Kanas Lake (, Xiao'erjing: كَانَاسِ خٗ; Mongolian: Ханас нуур; , USY: Қанас Көли) is a lake in Altay Prefecture, Xinjiang, China. The lake is located in a valley in the Altai Mountains, near the very northern tip of Xinjiang and the autonomous region's borders with Russia, Kazakhstan and Mongolia. The lake was formed around 200,000 years ago during the Quaternary period as a result of glacier movement. The crescent moon shaped lake has an estimated water storage capacity of 53.8 billion cubic meters, coupled with an average depth of around 120 meters.

The Kanas River, flowing out of the lake, later merges with the Hemu River to form the Burqin River, which itself discharges into the Irtysh River at Burqin Town, the county seat of Burqin County.

There is a large population of ethnic Tuvans and Kazakhs in the Kanas valley. While most of these people have maintained their traditional agricultural and nomadic life styles, many work in the developing tourism industry and have established facilities for orienteering, hiking, rafting, rock climbing, paragliding and camping. The scenic spot is classified as a AAAAA scenic area by the China National Tourism Administration.

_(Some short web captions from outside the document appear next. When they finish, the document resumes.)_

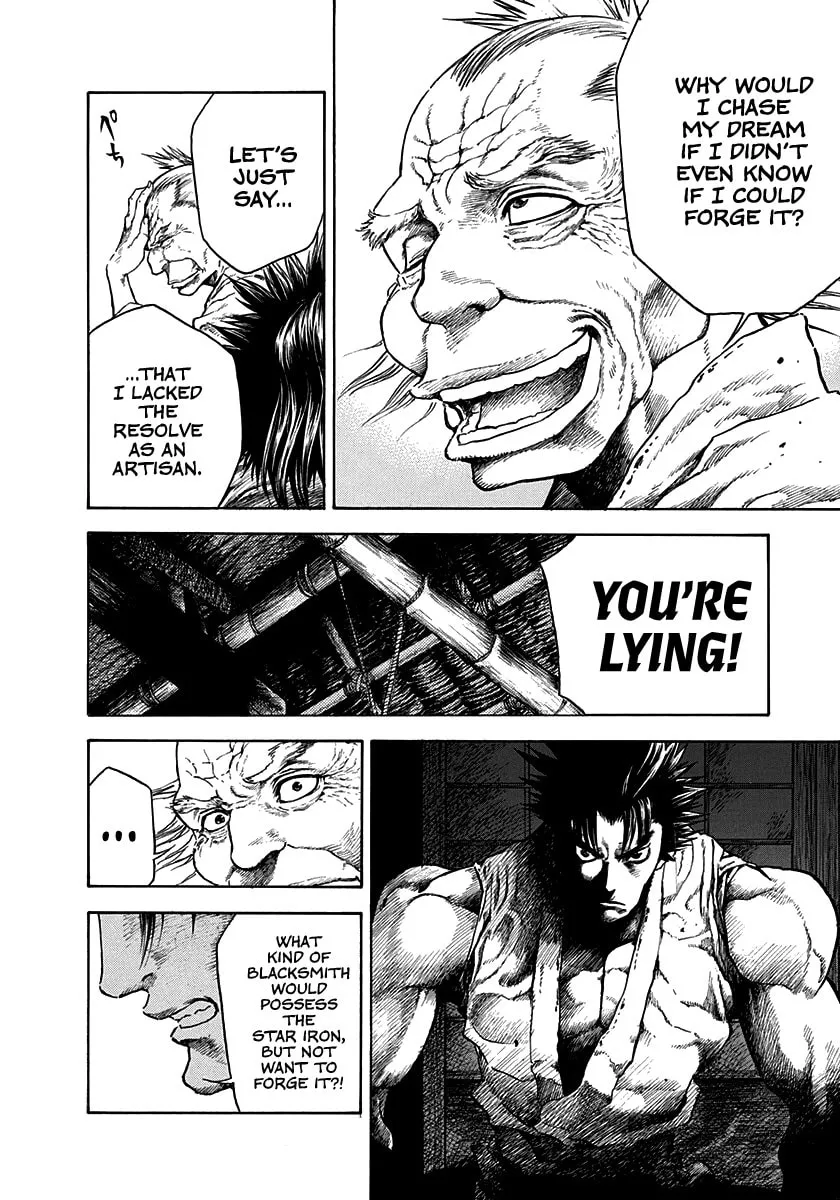 Niragi Kioumaru Chapter 7 page 14 - 
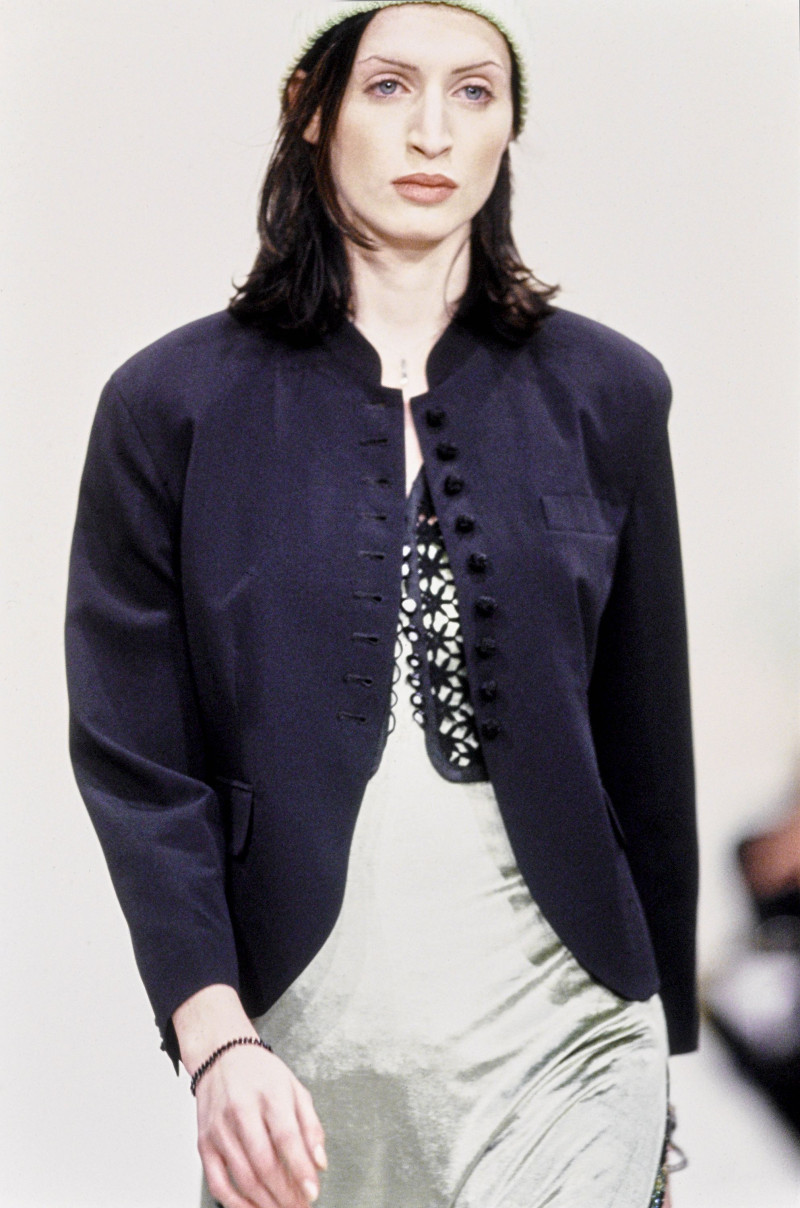 Perry Ellis fashion show for Spring/Summer 1993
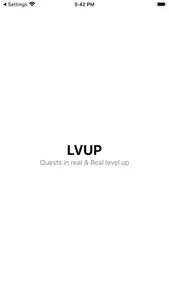 LVUP screenshot 0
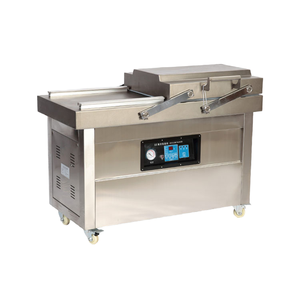 Machine d'emballage sous vide semi-automatique électrique pour viande, poudre, riz, amandes et emballage carton - Product Image 4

About 117 different kinds of birds live along the lake.

Giant fish 

For several centuries there have been sightings of large lake creatures in the waters. First efforts in research of these legends were done by Yuan Guoying of Xinjiang University, who observed fish of enormous size in 1985. He and his students assessed that the fish could be 10 – 15 m long and weigh more than 4 tons, with total population in excess of 50 individuals.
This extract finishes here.